Hi,
The only thing I personally struggle with here is whether "coco" is the
best name for it, and whether there are reasonable use cases that
wouldn't be directly related to confidential computing (eg, if the
firmware on a bare-metal platform had a mechanism for exposing secrets
to the OS based on some specific platform security state, it would seem
reasonable to expose it via this mechanism but it may not be what we'd
normally think of as Confidential Computing).
But I'd also say that while we only have one implementation currently
sending patches, it's fine for the code to live in that implementation
and then be abstracted out once we have another.
The implementation can be sorted later when a second implementation
shows up, but it'll be better if we don't have to change the naming
convention.
"coco/efi_secrets" doesn't look like a good choice to me, given that it
is rather likely we see more users for this showing up.

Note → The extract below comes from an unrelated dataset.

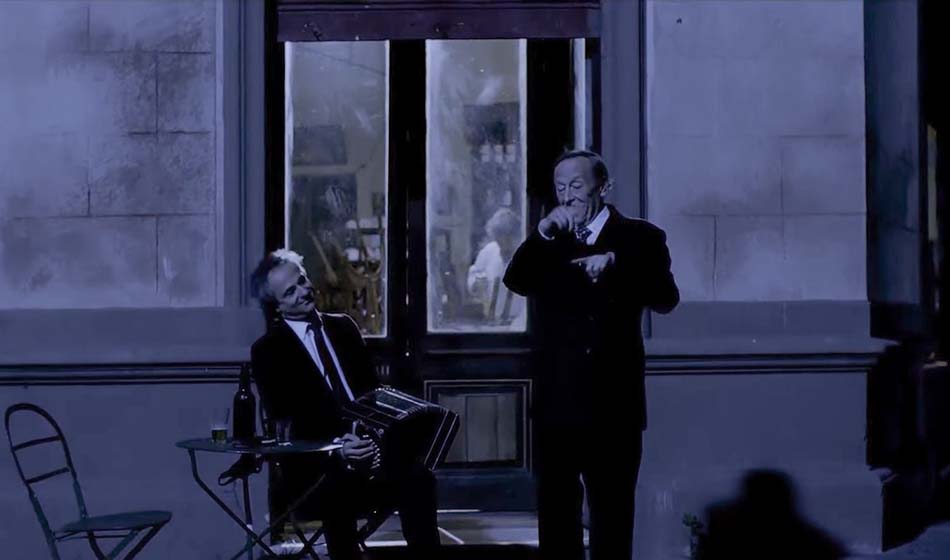 El cine a traves de la musica 02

Having a "secrets/" directory looks good to me. Then the individual
implementations can either add files to the directory, i.e. efi_secrets
would create "secrets/<guid>" files. Or each implementation creates a
subdirectory with the secrets, i.e. "secrets/coco/" and
"secrets/coco/<guid>".
Longer-term (i.e once we have more than one implementation) we probably
need a separate module which owns and manages the "secrets/" directory,
and possibly provides some common helper functions too.